**Study material:**
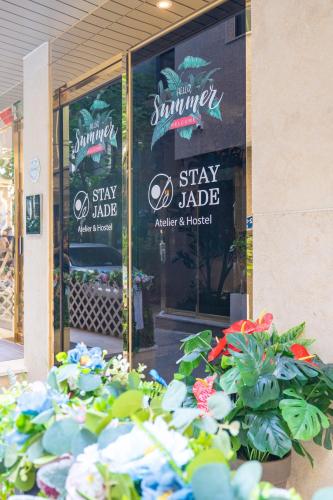 a store front with plants in front of a window at Stay JADE in Seoul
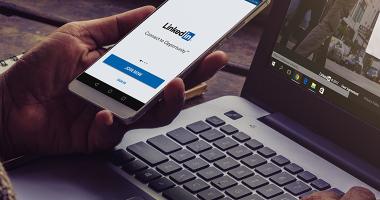 Persona viendo su celular con la app de Linkedin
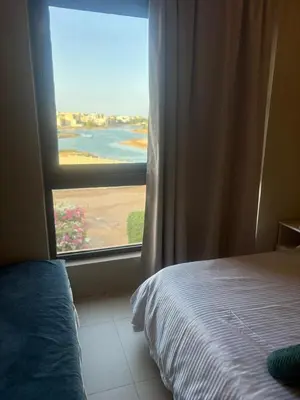 a bedroom with a window with a view of a field at Yoke 2 bedrooms Duplex Tawila ElGouna, Plaza gouna in Hurghada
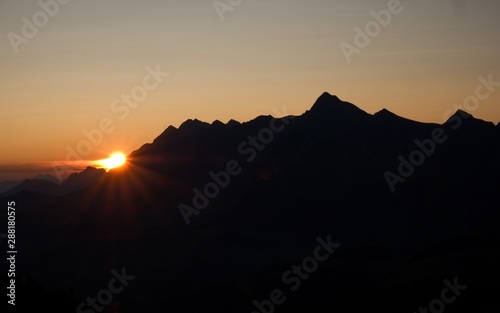 Beautiful sunrise in the swiss mountains, silhouette of mountain peaks backlit in the early morning.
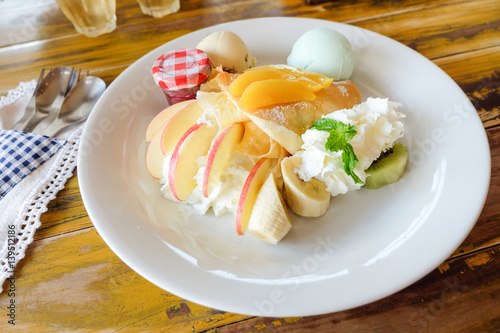 crepe with fresh fruit on wooden table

**Activity:** Write out every entry above exactly as it stands, minus the pictures.

**Answer area:**
 a store front with plants in front of a window at Stay JADE in Seoul
 Persona viendo su celular con la app de Linkedin
 a bedroom with a window with a view of a field at Yoke 2 bedrooms Duplex Tawila ElGouna, Plaza gouna in Hurghada
 Beautiful sunrise in the swiss mountains, silhouette of mountain peaks backlit in the early morning.
 crepe with fresh fruit on wooden table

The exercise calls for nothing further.